» Excerpted data:
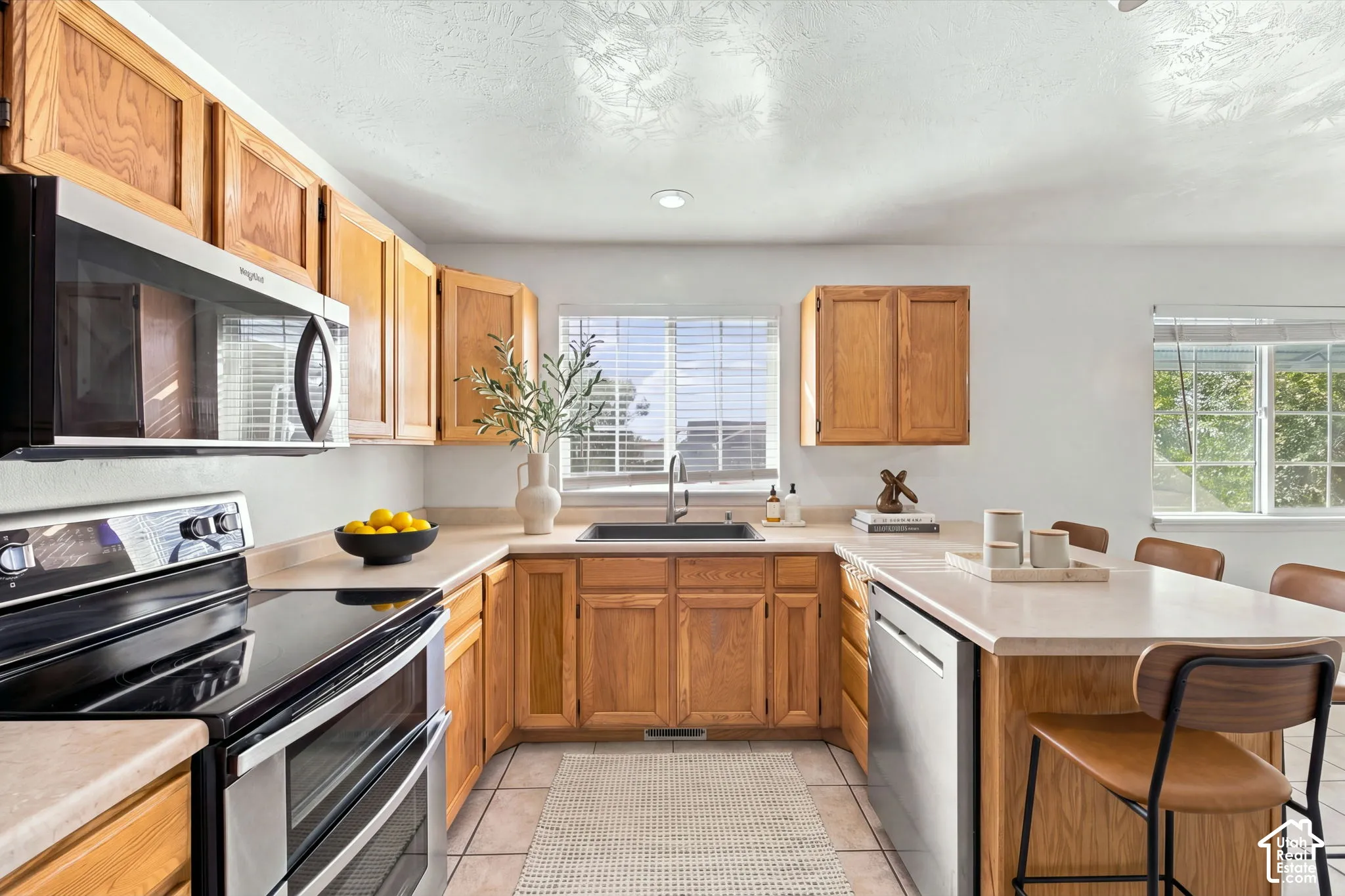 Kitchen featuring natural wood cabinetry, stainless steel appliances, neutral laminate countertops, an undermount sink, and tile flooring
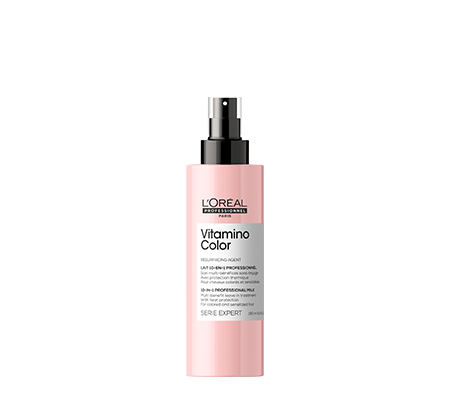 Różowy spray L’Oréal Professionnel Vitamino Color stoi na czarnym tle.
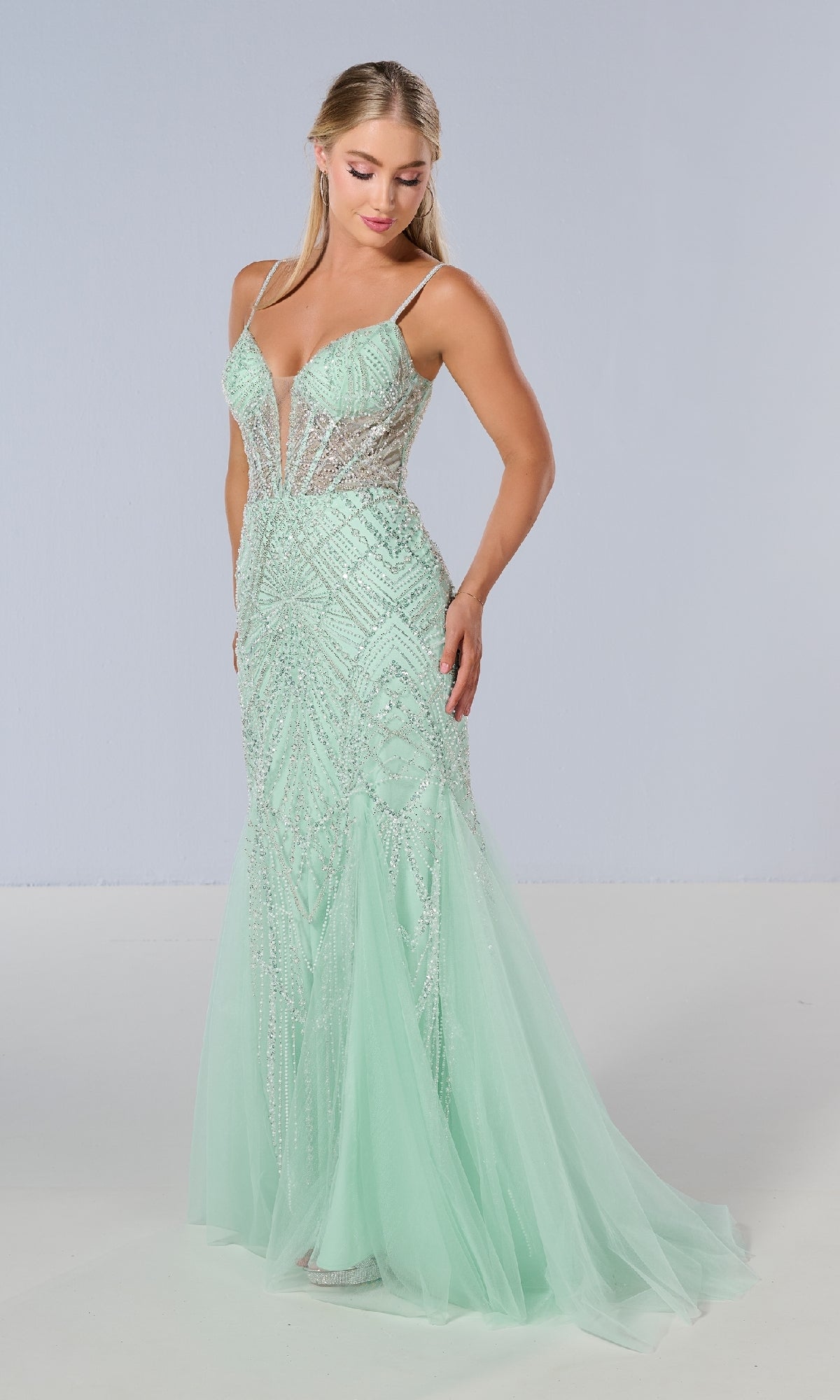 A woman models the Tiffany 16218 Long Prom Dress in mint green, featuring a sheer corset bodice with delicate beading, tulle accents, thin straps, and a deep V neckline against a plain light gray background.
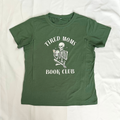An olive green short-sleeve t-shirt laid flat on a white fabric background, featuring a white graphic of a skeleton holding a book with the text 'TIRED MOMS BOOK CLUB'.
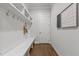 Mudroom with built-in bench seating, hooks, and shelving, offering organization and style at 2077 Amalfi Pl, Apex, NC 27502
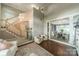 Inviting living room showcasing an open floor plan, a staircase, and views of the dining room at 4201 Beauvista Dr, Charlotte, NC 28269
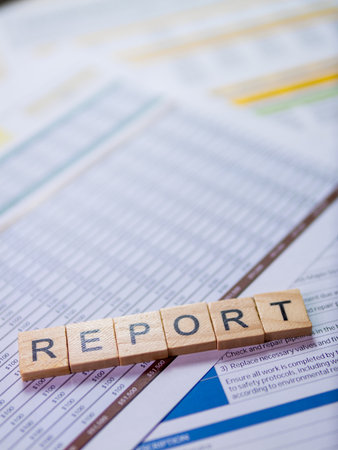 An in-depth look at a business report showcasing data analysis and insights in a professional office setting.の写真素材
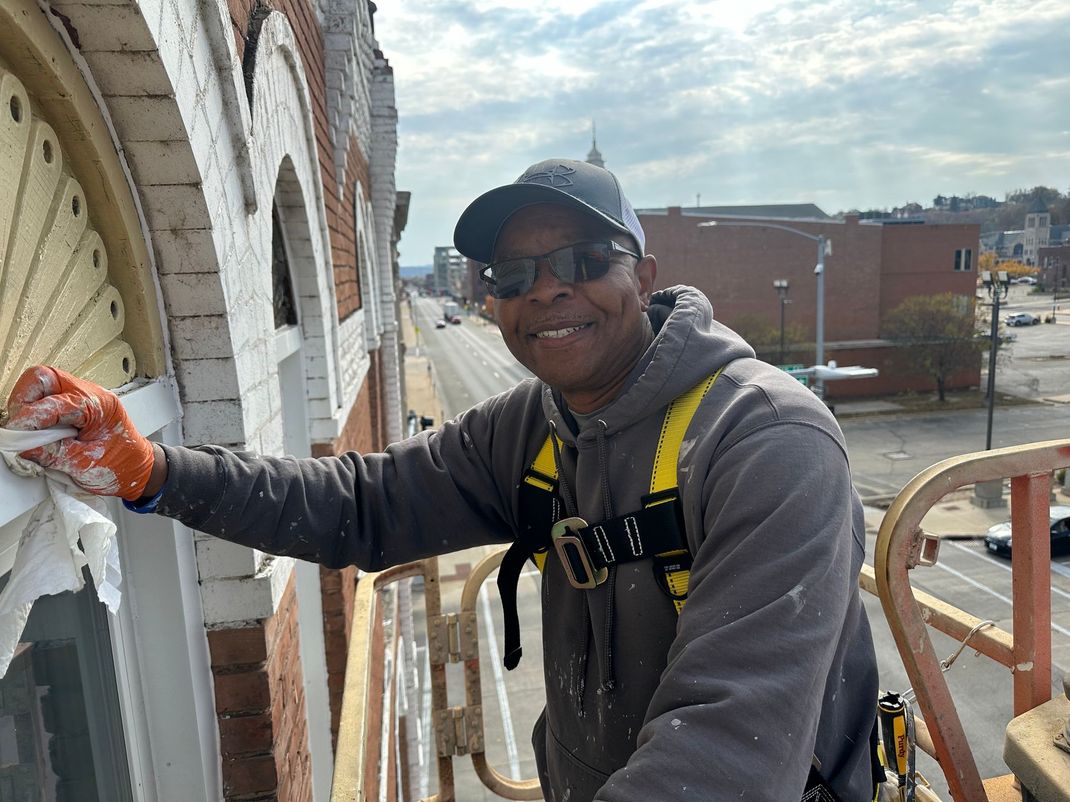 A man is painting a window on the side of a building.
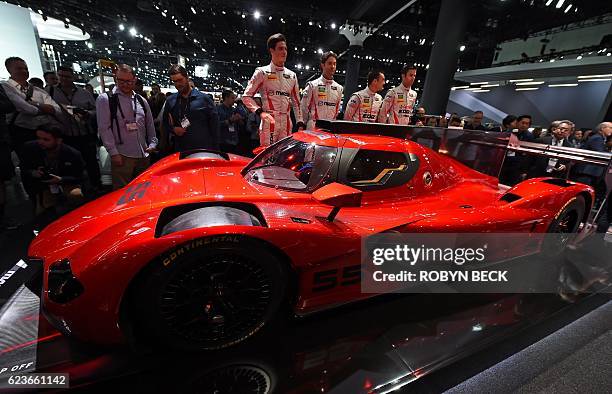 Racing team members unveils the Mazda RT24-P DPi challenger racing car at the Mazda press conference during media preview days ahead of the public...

» Task to carry out: Leaving out the pictures, please transcribe exactly the lines from the one that holds "Inviting living room" through the last line of the entries above, both included.

» Completed exercise:
 Inviting living room showcasing an open floor plan, a staircase, and views of the dining room at 4201 Beauvista Dr, Charlotte, NC 28269
 An in-depth look at a business report showcasing data analysis and insights in a professional office setting.の写真素材
 A man is painting a window on the side of a building.
 Racing team members unveils the Mazda RT24-P DPi challenger racing car at the Mazda press conference during media preview days ahead of the public...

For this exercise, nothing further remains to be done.